_YOUR ASSIGNMENT_
Using the data that follows, output only the lines from the line with "Cornetto & Strawberry" up to and including the line with "Hemp-Cotton Blend Boxy Short-Sleeve Shirt", exactly, leaving pictures aside.

_EXTRACTED DATA_
↓

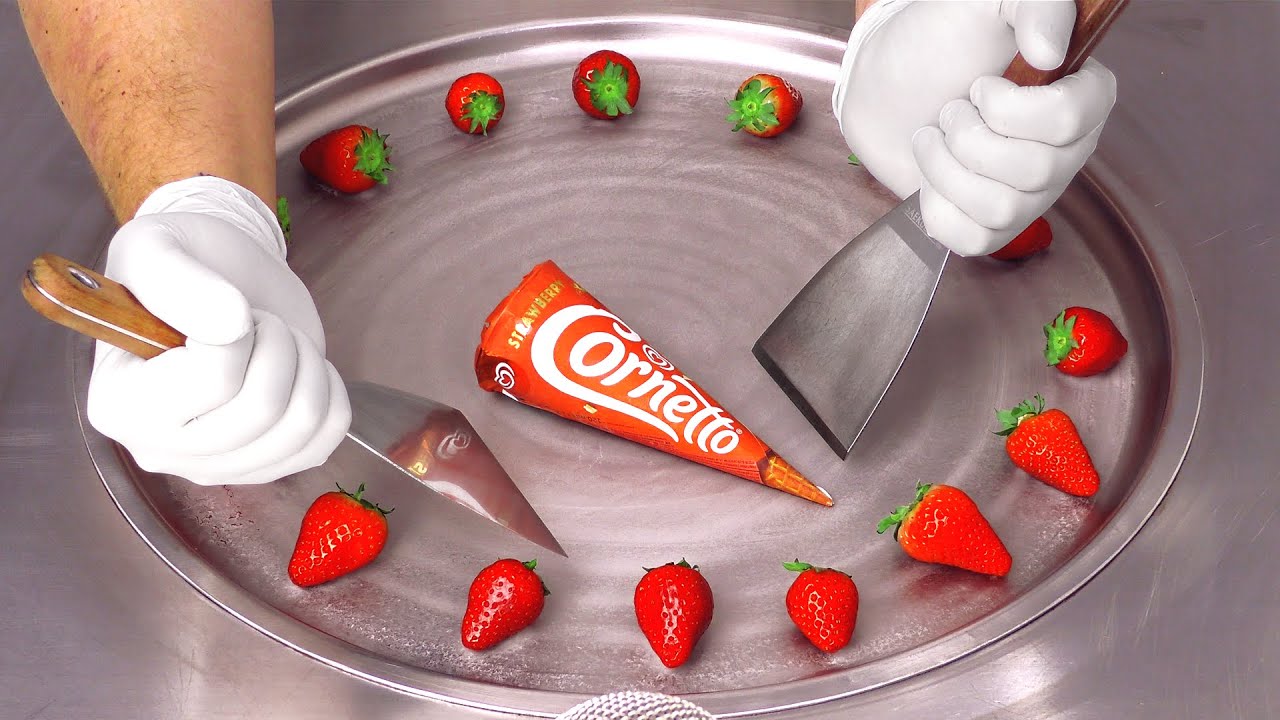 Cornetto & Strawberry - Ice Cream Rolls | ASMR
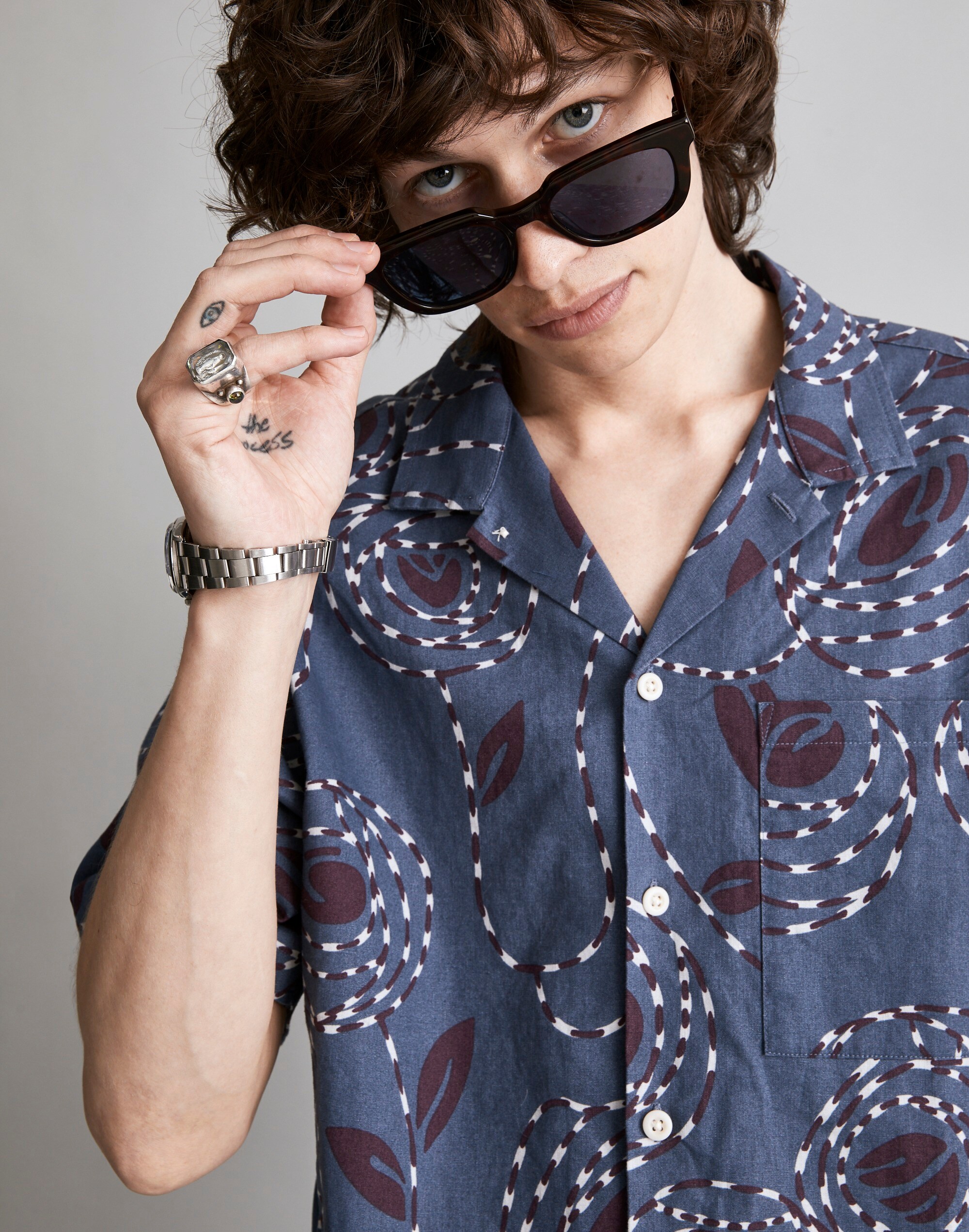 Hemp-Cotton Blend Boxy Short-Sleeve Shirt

↑
↓

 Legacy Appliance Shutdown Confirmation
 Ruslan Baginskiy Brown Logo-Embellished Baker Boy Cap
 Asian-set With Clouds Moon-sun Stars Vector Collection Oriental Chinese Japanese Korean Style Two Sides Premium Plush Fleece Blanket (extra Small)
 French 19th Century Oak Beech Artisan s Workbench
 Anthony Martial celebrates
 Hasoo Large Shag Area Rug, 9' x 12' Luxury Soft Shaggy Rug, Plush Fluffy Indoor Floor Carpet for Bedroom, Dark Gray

↑
↓

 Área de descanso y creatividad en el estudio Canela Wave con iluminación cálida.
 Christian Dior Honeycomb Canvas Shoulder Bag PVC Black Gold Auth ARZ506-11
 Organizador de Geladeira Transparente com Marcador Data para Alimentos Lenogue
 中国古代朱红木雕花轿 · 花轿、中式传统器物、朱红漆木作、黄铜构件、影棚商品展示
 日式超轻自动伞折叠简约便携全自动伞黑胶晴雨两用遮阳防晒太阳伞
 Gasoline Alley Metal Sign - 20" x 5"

↑

_ANSWER TO THIS TASK_
 Cornetto & Strawberry - Ice Cream Rolls | ASMR
 Hemp-Cotton Blend Boxy Short-Sleeve Shirt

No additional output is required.